Dataset records:

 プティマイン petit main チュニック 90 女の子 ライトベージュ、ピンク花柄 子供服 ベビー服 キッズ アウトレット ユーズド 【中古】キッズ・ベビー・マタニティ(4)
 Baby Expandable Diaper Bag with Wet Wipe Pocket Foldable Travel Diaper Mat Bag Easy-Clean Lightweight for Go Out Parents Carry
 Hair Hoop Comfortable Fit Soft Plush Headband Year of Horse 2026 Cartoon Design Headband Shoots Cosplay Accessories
==
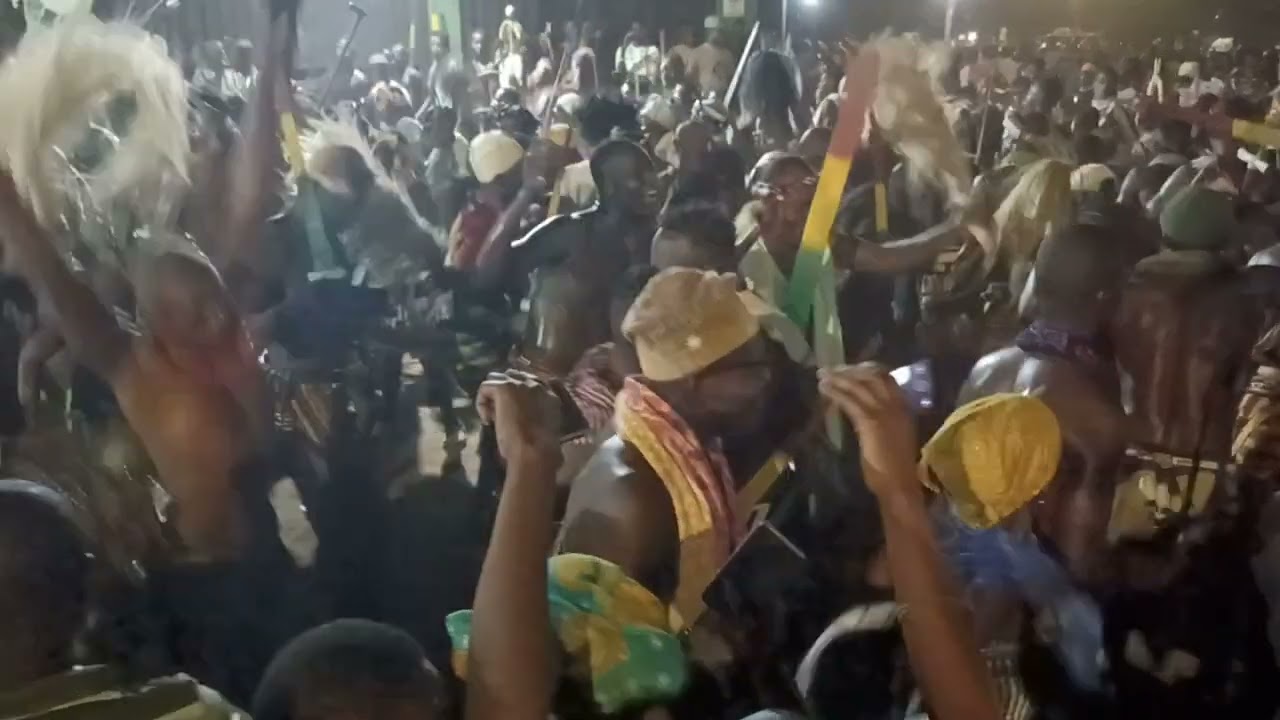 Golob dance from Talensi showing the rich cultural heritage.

Task directions:
Could you restate word for word the lines above from the one containing "Baby Expandable Diaper" through the one containing "Hair Hoop Comfortable", both included, and nothing else?

Task solution:
 Baby Expandable Diaper Bag with Wet Wipe Pocket Foldable Travel Diaper Mat Bag Easy-Clean Lightweight for Go Out Parents Carry
 Hair Hoop Comfortable Fit Soft Plush Headband Year of Horse 2026 Cartoon Design Headband Shoots Cosplay Accessories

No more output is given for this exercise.